#### Exercise materials ####
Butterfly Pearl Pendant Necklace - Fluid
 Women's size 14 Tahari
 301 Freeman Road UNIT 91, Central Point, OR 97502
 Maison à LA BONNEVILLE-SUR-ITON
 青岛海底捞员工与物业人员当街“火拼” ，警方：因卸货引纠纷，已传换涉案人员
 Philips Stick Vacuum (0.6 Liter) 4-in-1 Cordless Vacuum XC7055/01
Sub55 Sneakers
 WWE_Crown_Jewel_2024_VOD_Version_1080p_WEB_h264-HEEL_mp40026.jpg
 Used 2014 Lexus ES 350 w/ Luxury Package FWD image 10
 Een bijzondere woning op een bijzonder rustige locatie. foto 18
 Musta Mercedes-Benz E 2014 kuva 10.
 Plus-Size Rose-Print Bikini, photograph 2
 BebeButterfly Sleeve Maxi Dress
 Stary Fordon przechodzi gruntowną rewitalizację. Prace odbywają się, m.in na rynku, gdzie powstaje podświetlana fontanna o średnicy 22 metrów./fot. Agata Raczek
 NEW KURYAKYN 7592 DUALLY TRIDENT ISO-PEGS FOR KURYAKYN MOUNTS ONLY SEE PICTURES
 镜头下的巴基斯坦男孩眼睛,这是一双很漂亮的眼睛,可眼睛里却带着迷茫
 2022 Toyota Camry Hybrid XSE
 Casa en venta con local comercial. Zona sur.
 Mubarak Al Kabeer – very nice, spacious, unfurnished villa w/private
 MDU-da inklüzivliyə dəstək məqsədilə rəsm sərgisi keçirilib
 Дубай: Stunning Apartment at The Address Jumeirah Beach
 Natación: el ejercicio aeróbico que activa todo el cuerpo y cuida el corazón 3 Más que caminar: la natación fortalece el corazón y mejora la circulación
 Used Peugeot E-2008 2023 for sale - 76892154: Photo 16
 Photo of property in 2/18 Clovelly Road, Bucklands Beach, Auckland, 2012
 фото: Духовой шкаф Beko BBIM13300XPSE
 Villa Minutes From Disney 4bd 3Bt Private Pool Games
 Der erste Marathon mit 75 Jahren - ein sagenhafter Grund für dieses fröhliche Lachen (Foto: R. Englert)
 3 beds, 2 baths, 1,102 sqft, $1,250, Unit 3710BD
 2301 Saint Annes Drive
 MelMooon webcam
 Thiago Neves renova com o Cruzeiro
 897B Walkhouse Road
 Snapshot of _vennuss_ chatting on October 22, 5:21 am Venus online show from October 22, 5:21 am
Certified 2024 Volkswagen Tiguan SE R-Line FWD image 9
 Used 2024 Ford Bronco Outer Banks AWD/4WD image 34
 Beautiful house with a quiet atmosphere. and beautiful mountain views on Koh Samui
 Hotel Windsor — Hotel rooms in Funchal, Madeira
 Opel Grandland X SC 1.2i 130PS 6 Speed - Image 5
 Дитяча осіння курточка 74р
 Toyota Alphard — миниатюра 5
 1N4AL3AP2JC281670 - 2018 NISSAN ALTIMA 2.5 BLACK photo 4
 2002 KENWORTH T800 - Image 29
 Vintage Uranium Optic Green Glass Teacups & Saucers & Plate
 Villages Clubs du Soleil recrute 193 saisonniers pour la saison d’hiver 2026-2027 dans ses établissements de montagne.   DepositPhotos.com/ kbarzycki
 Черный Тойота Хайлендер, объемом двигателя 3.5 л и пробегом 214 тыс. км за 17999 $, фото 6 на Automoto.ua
####
● **Work instructions**
Report every line of the material above in which "Toyota" appears.

● **Answer box**
 2022 Toyota Camry Hybrid XSE
 Toyota Alphard — миниатюра 5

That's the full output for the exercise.